Musical theater and films inspired Bourne as he was growing up. After seeing a Disney movie or Chitty Chitty Bang Bang as a child, he would go home and try to re-create it. “I always the star,” he laughs. “The Dick Van Dyke to Mary Poppins.”

“I imagine a person who knows nothing, and the curtain goes up and I have to start telling them a story. Whether they know this piece really well and can enjoy all the differences that I’m doing with it, or, they’ve never seen a dance piece,” Bourne says he keeps both audiences in mind to focus on good storytelling.

Matthew Bourne’s Sleeping Beauty, the award-winning ballet production, airs on Great Performances, Friday, April 25 at 9 p.m. on PBS. (Check local listings).

TRANSCRIPT

The history of dance has become a very important element in what I do.

As a choreographer, I love dipping into different eras of dance, different styles of dance, which is why I'm difficult to pinpoint into a particular style of choreography, I think.

But the classical ballets that I've reinterpreted, I'm very conscious of the original when I make those pieces.

Although I'm known, I suppose, for, sort of, reinventing them in my own way, I'm very kind of reverential in other ways about them.

I'm very, sort of, careful to be conscious of where they've come from.

I kind of want to please the people who know them really well -- you know, as well as invite this new audience in.

I want people to get the fact that I know where it's coming from.

I wasn't brought up in a house that listened to classical music at all.

We loved musical theater, pop music, I guess, but mainly musical theater, and right from the very early stage -- four or five -- I was wanting to put on a show and get other people to get involved in it.

And I would go and see a movie, usually a Disney movie or something like that -- or 'Chitty Chitty Bang Bang,' or one of those kinds of movies that were out when I was growing up, and then I'd want to recreate it when I got home.

And I was always the star.

I was always Dick Van Dyke, it always seemed to me, around that time -- doing' Mary Poppins' and various films I'd seen.

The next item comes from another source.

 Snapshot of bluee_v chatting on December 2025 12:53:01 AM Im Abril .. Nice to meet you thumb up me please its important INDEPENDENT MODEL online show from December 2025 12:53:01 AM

The task I set myself usually is, I imagine a person sitting there who knows nothing, and the curtain goes up, and I have to start telling them a story -- whether they know this piece really well, and they enjoy all the differences that I'm doing with it; or they've never seen it before, they've never seen a dance piece and I try and make it on that level as well, so it's very clear storytelling.